DATASET SECTION =
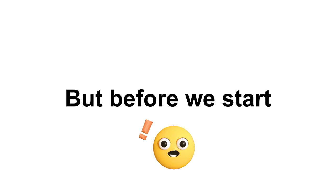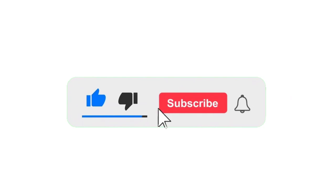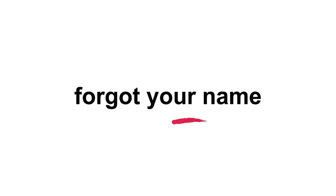But before we start, only 3% of the fastest people can like and subscribe before I make you forget your name in 3, 2, 1.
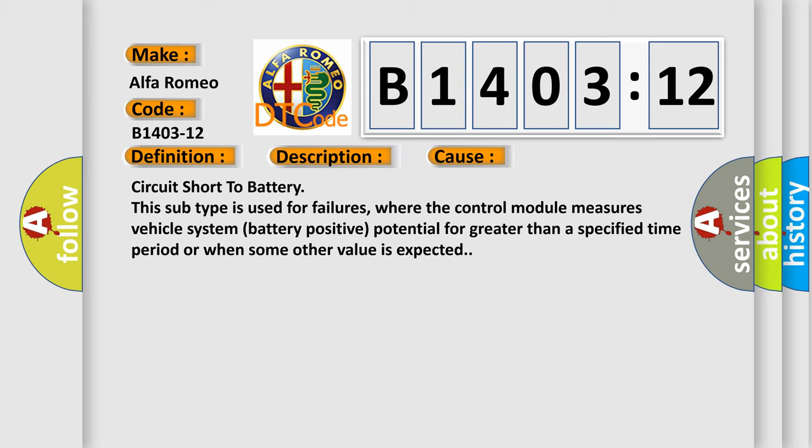This diagnostic error occurs most often in these cases: Circuit short to battery. This subtype is used for failures where the control module measures vehicle system battery positive potential for greater than a specified time period or when some other value is expected.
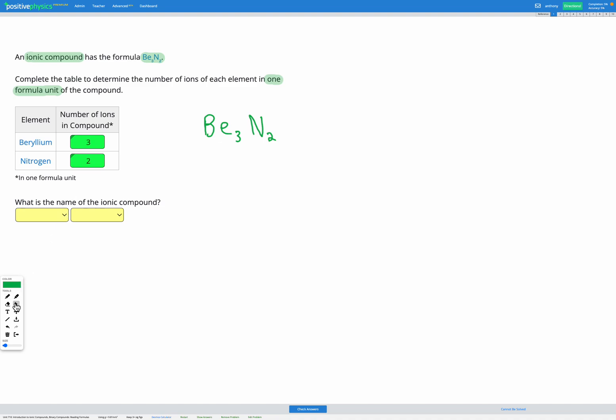Last step is figuring out our name. We know that we have the metal name first, followed by the non-metal. In our formula that's the same thing. When we're given a formula the metal is always going to go first.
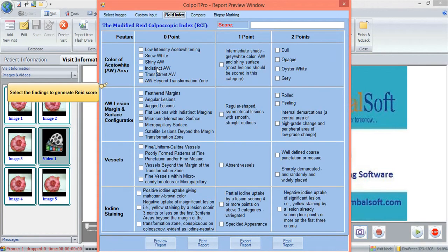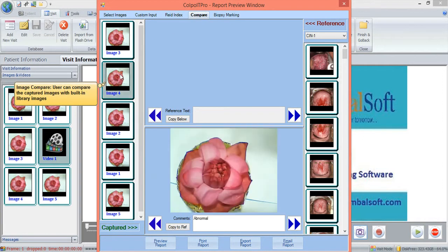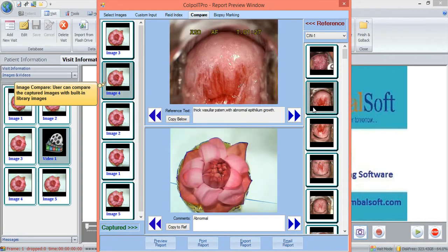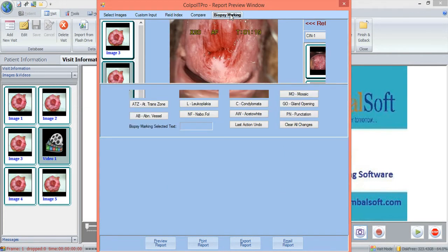Reid index creates a score based on the choices made by the user from the library of findings in the application. Compare will compare the captured images with the existing library of images and assist the user to make conclusions based on the findings. Biopsy marking helps the user to make markings on the biopsy graph using an inbuilt library of inferences present in the application.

WHAT YOU ARE ASKED TO DO = Leaving the pictures out, output all of the listing exactly.

FINISHED TASK =
But before we start, only 3% of the fastest people can like and subscribe before I make you forget your name in 3, 2, 1.
This diagnostic error occurs most often in these cases: Circuit short to battery. This subtype is used for failures where the control module measures vehicle system battery positive potential for greater than a specified time period or when some other value is expected.
Last step is figuring out our name. We know that we have the metal name first, followed by the non-metal. In our formula that's the same thing. When we're given a formula the metal is always going to go first.
Reid index creates a score based on the choices made by the user from the library of findings in the application. Compare will compare the captured images with the existing library of images and assist the user to make conclusions based on the findings. Biopsy marking helps the user to make markings on the biopsy graph using an inbuilt library of inferences present in the application.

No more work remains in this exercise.